RECORDS FOR THE TASK Start Marker

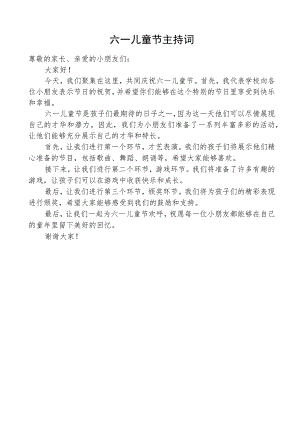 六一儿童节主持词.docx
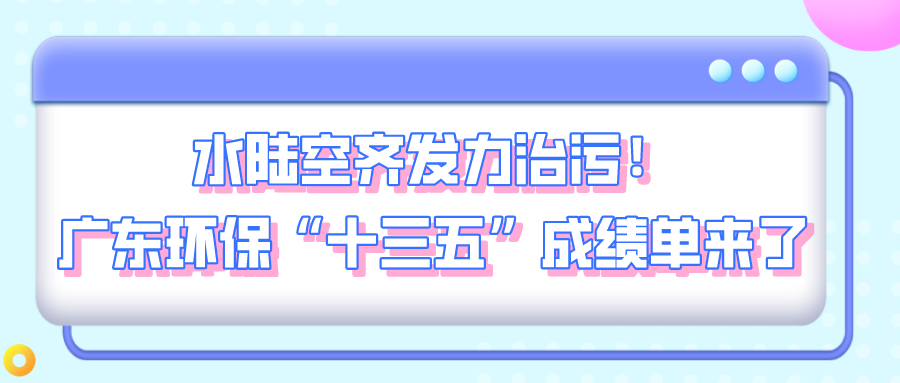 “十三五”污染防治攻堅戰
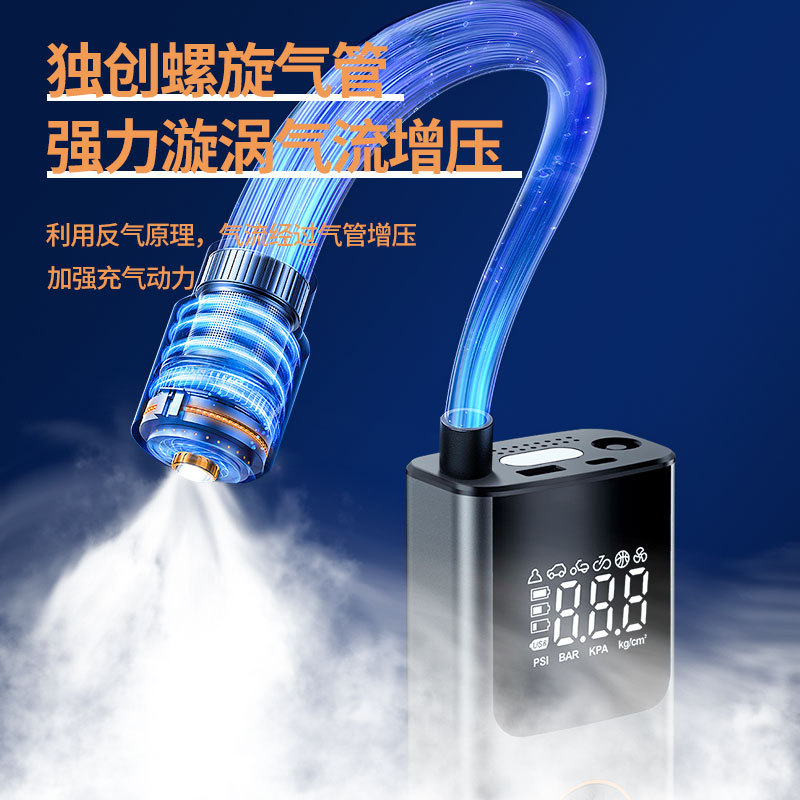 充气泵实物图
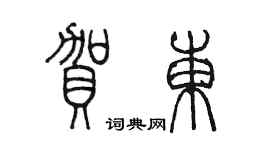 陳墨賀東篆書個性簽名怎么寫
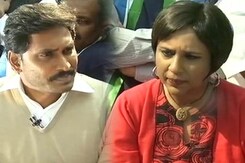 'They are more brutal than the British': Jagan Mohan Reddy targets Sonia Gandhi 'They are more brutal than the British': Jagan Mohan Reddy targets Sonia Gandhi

RECORDS FOR THE TASK End Marker
RECORDS FOR THE TASK Start Marker

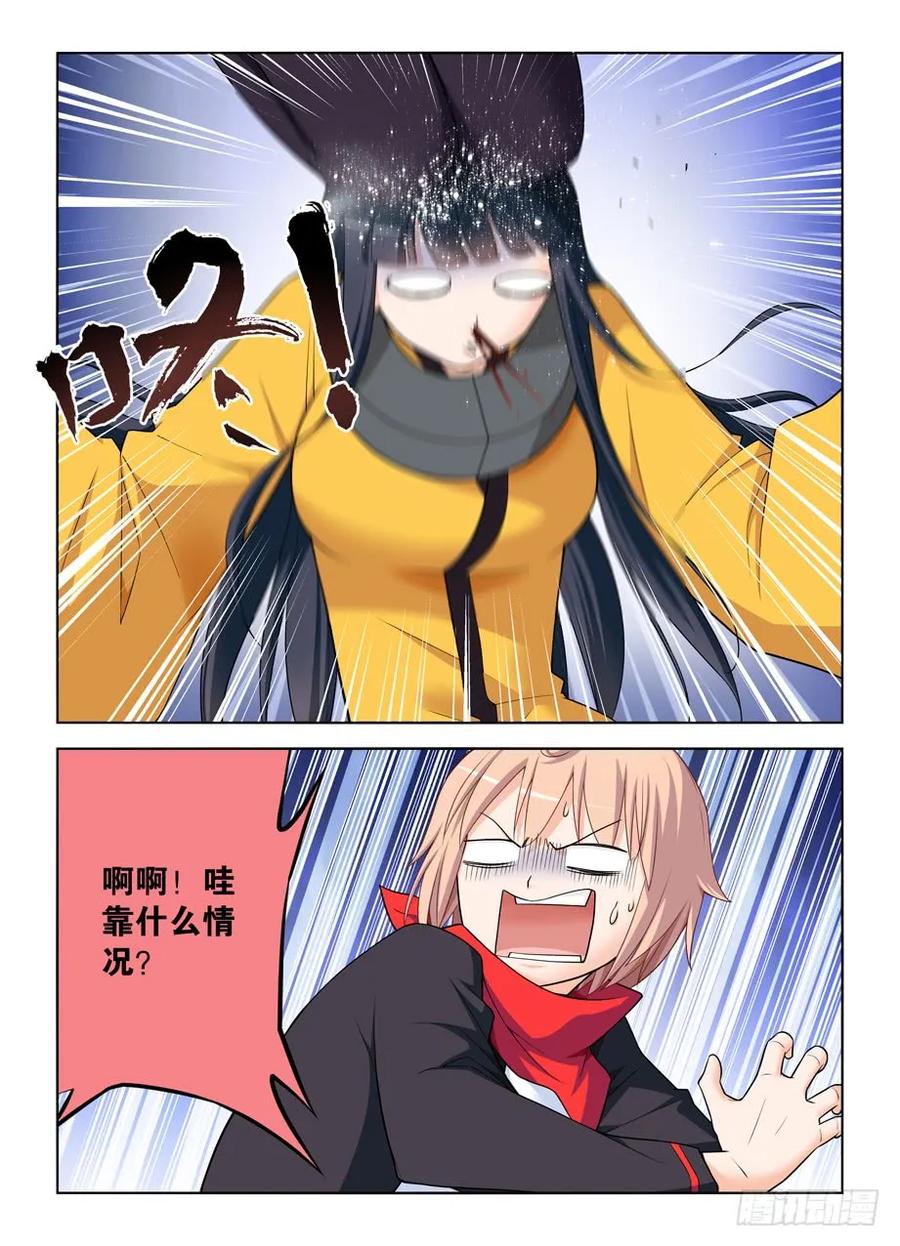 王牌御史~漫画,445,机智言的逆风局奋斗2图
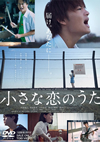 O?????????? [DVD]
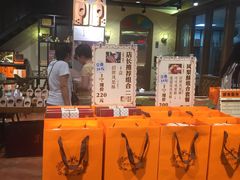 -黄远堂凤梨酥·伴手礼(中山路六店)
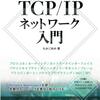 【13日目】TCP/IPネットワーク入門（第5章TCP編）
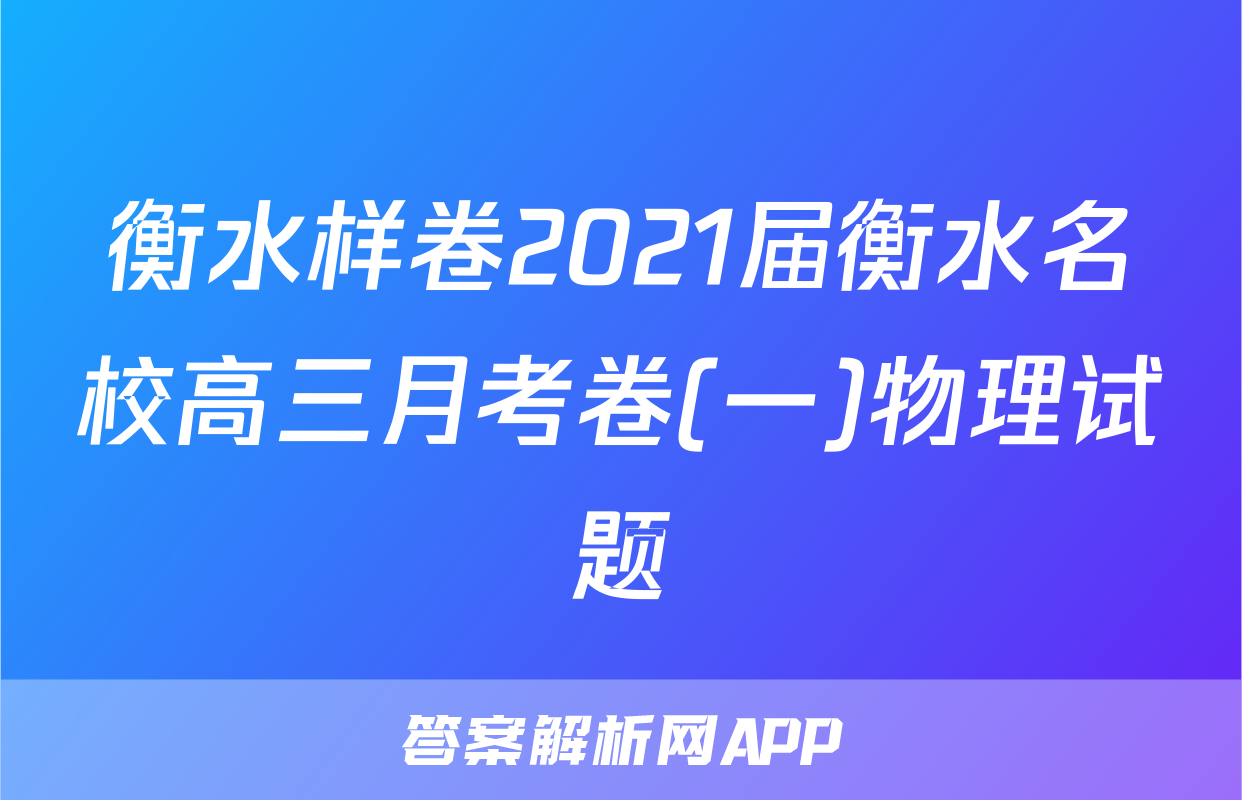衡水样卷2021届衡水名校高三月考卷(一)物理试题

RECORDS FOR THE TASK End Marker
RECORDS FOR THE TASK Start Marker

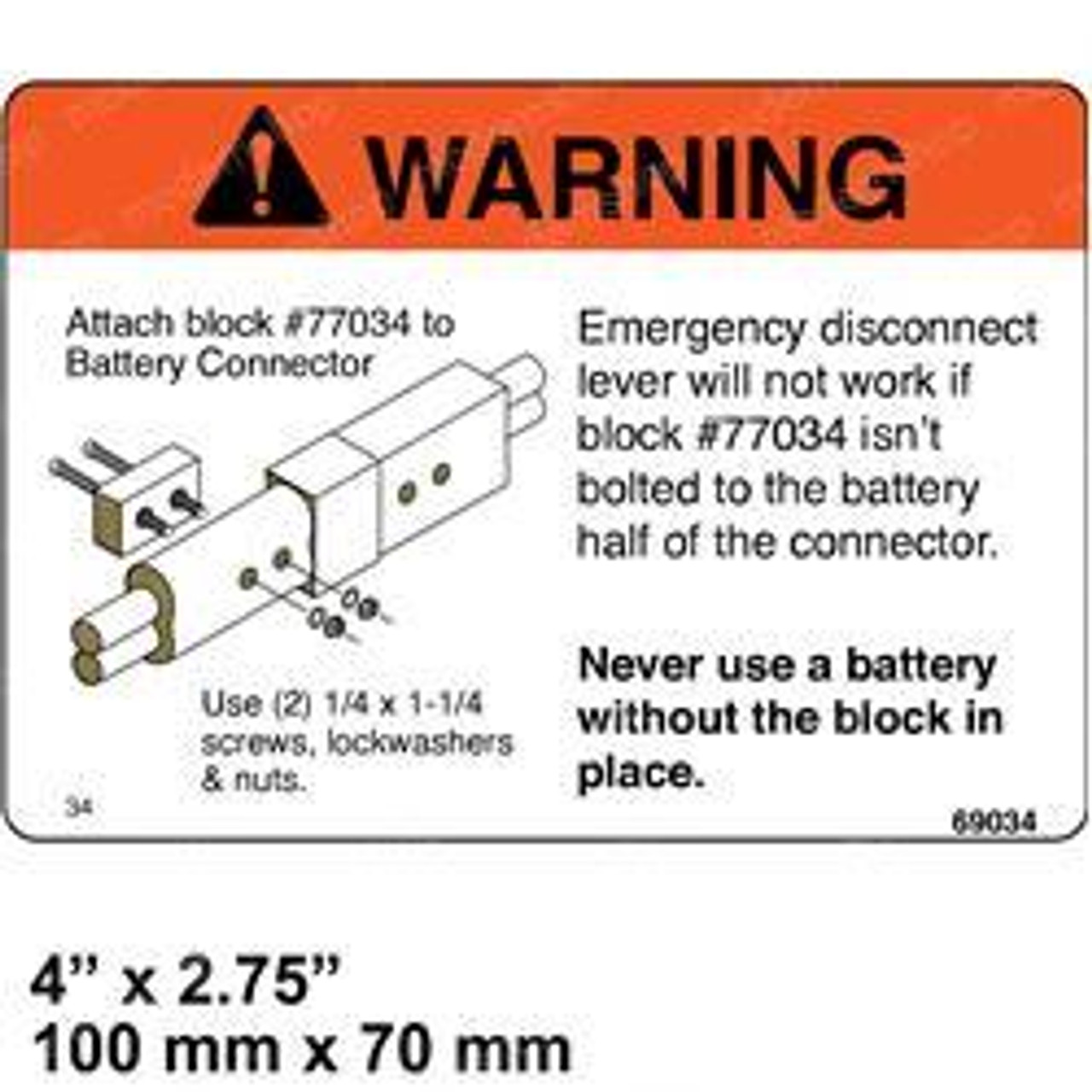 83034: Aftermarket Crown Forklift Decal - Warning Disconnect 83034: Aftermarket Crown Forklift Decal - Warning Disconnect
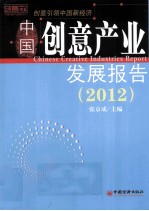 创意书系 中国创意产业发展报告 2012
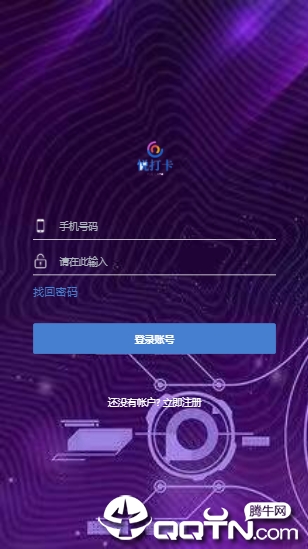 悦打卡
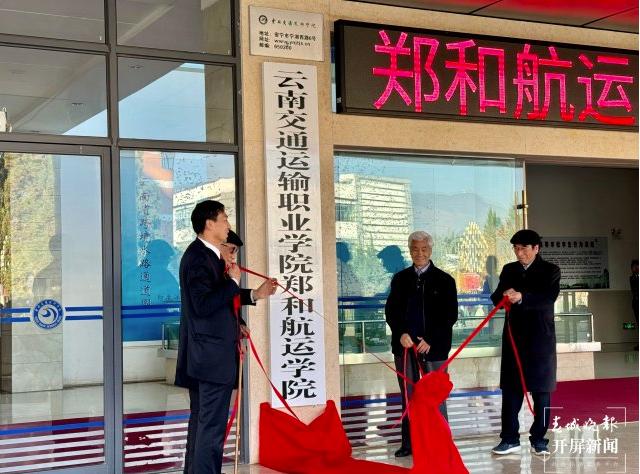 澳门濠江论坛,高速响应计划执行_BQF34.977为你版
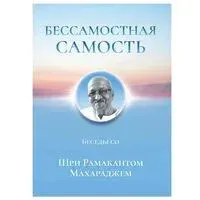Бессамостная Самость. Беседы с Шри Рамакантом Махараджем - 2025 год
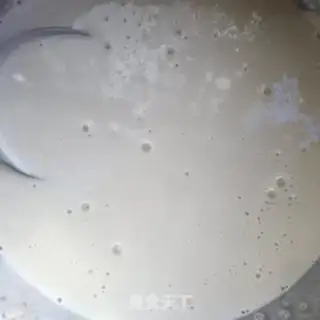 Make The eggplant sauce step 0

RECORDS FOR THE TASK End Marker

◆ **TRY IT**: Only the lines of the listing above from the one with "六一儿童节主持词.docx" through the one with "Sonia Gandhi 'They" should be output, exactly, with both ends kept and pictures left out.

◆ **WRITTEN RESPONSE**:
 六一儿童节主持词.docx
 “十三五”污染防治攻堅戰
 充气泵实物图
 陳墨賀東篆書個性簽名怎么寫
 'They are more brutal than the British': Jagan Mohan Reddy targets Sonia Gandhi 'They are more brutal than the British': Jagan Mohan Reddy targets Sonia Gandhi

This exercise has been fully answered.